Obituary – Bill Urquhart-Dykes
Another well-known personality from the vintage years has gone, with the death, peacefully, after a short illness, of Bill Urquhart-Dykes, at the age of 81. Known to most of us as a great 12/50 Alvis exponent, he commenced competition motoring in 1923, with an Eric-Campbell. Before this, after leaving his public school, Glenalmond, he had joined his father’s Regiment, the Cameronians, but in 1916 had got himself seconded to the RFC. By the end of hostilities he had flown 330 hours, mostly over the front lines, on artillery observation duties. He then commanded a flight of No. 105 Squadron RAF, in the North of Ireland. Incidentally, or perhaps to those who knew the couple’s devotion, not so incidentally, there he met his wife Ruth. He was the first person to spot the place where the trans-Atlantic Vickers Vimy had nosed over, after landing at Clifden at the end of its great flight from Newfoundland.
His first Alvis was a two-seater with dickey, used for trials and for racing.

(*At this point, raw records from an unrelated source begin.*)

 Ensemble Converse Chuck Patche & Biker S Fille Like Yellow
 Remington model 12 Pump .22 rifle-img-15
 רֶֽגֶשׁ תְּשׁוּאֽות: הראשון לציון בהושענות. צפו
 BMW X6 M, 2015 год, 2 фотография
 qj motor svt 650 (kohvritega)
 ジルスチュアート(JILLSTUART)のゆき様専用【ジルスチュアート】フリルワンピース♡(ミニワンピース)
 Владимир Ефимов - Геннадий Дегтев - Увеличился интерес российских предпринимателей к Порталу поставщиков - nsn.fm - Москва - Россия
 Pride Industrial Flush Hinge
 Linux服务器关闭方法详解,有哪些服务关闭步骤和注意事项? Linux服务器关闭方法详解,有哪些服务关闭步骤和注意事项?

It was given a one off Shardeloe crankshaft on which the duralumin con.-rods ran direct, in its short-stroke engine. Fitted with a duck’s-back body borrowed from the factory this car, MF 4557, was 3rd the 1926 JCC Production Car Race. The Alvis was sans front brakes and had towed a caravan round Scottish Highlands the previous summer. Next came the best-remembered Alvis owned by this sporting pair – an SD 12/50 beetle-back, WM 47, which they got early in 1927. The previous owner had returned it to the factory because “it wouldn’t go”. It went extremely well, in the Dykes’ care! During a long series of successes WM 47 lapped Brooklands at over 91 m.p.h., yet was used for local shopping, and as a practice car before the TT and Double-Twelve races. It was driven by Ruth at the 1928 Boulogne Meeting, where she was 3rd in the Georges Boillot Cup race, after which it towed home Harvey’s broken-down works Alvis. Converted to dry-sump, this Alvis covered more than 976 miles during a record attempt and was placed in more than one race. It was kept in such sound condition that when sold to a Cambridge Don he used it for 30 years, carrying archaeological materials (in a special tray) between Turkey and England, without having altered the car’s racing specification.

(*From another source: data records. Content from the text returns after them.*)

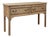 18th Century English Stripped Oak Dresser ~ Sofa Table ~ Console For Sale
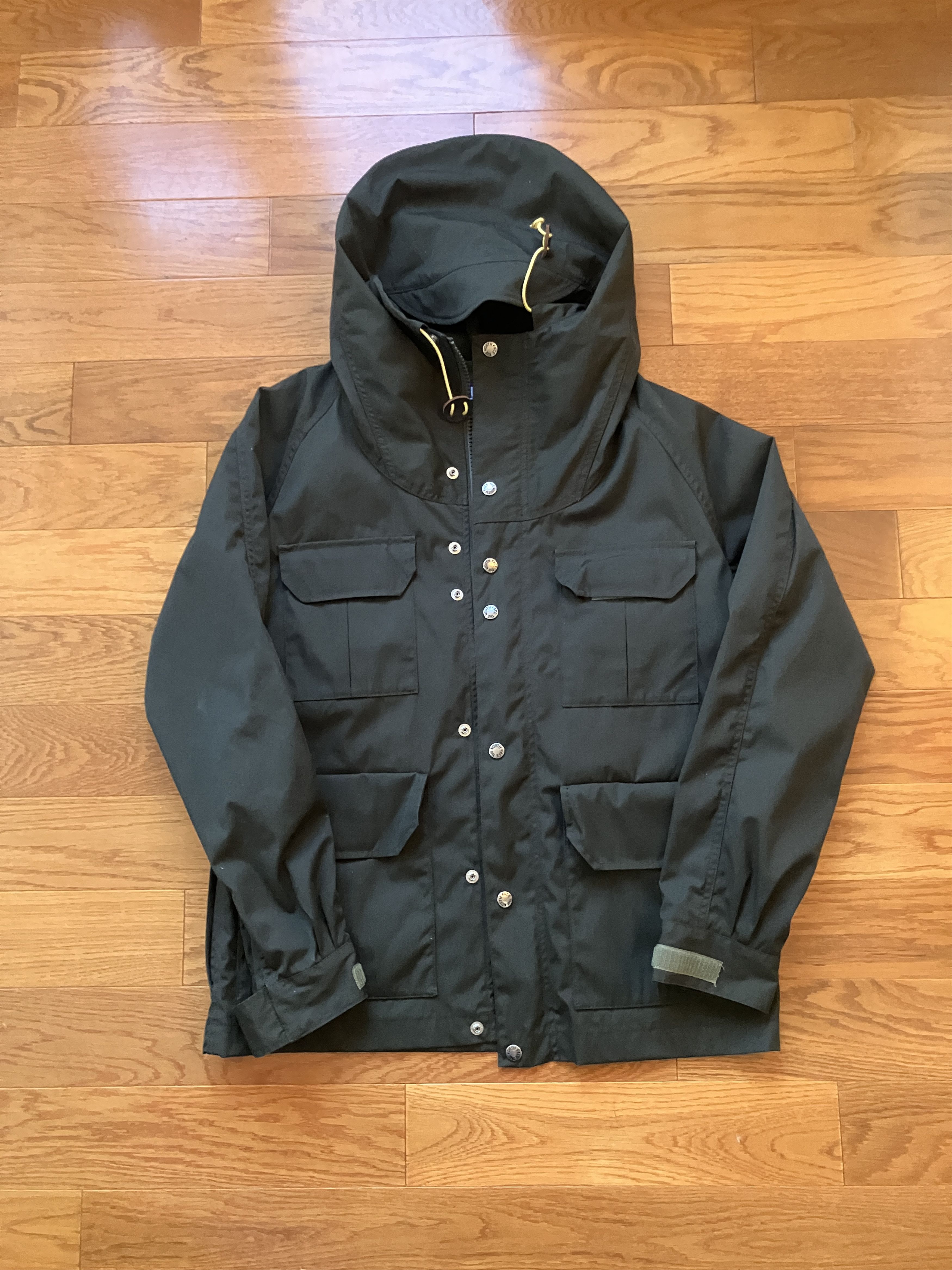 The North Face Purple Label 65/35 Mountain Parka | Grailed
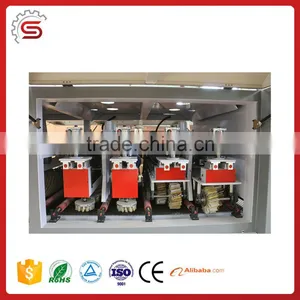 High Quality Wood Polishing Machine STR13002Z-2O-2R Polishing Machine for Solid Door thumbnail-5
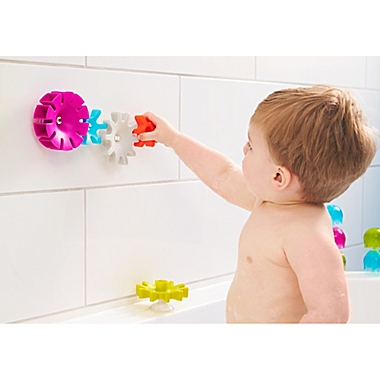 Boon 13-Piece Pipes and Tubes Bath Toy Set. View a larger version of this product image.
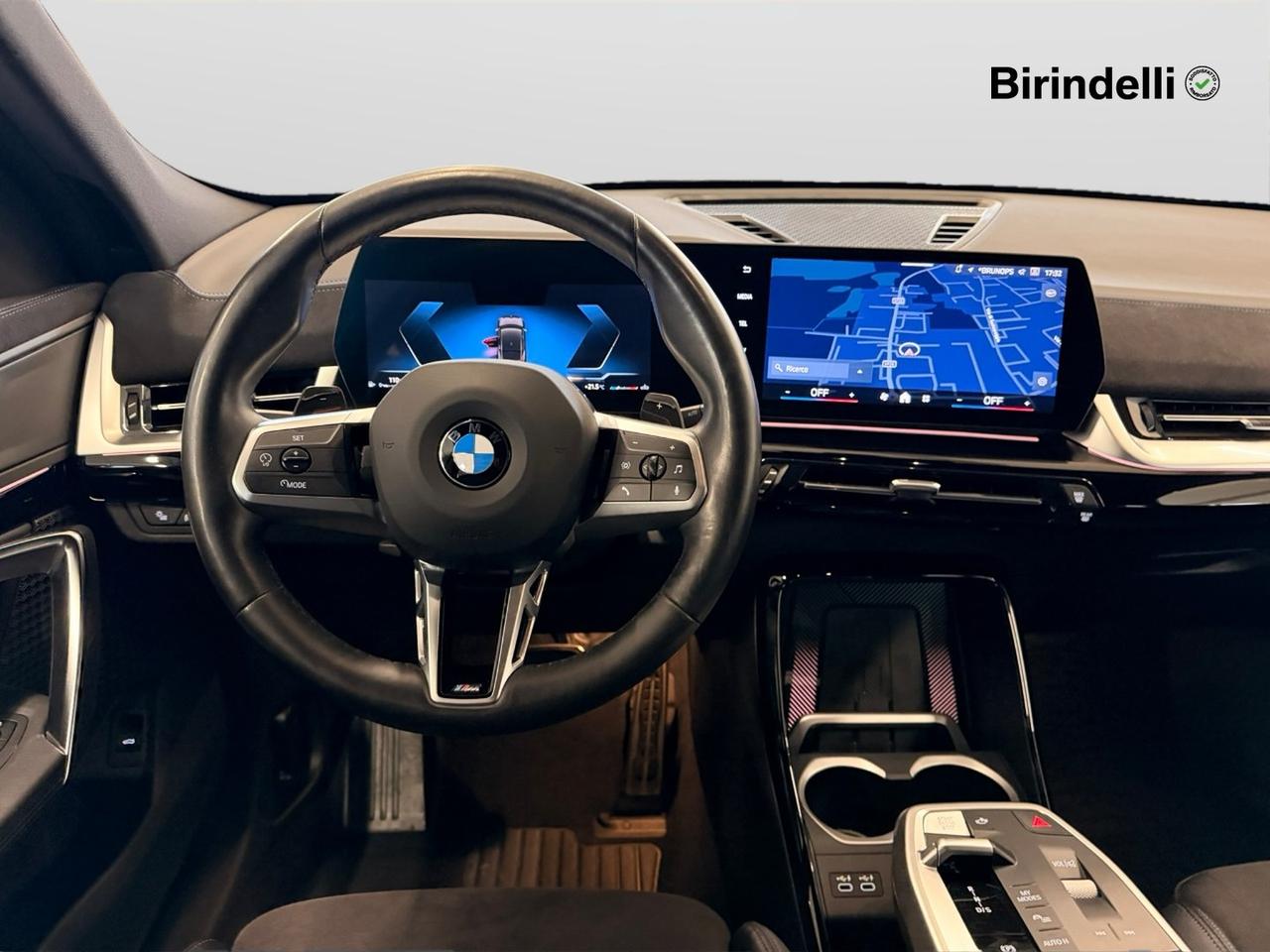 BMW X2 (U10) - X2 sDrive 18d MSport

Dykes drove many of the works Alvis cars, at Le Mans, in the TT, and at Brooklands, partnered by his wife, one handicap being won at over 101 m.p.h. with the straight-eight single-seater Alvis on its first outing. He retired from the game to build up a successful Patent Agency. It is so sad that this great sportsman has died, at a time when his wife isn’t well. I am indebted for some of these memories to Urquhart-Dykes’ close friend, Peter Lord, and to fellow Alvis fanatic Hugh Torrens.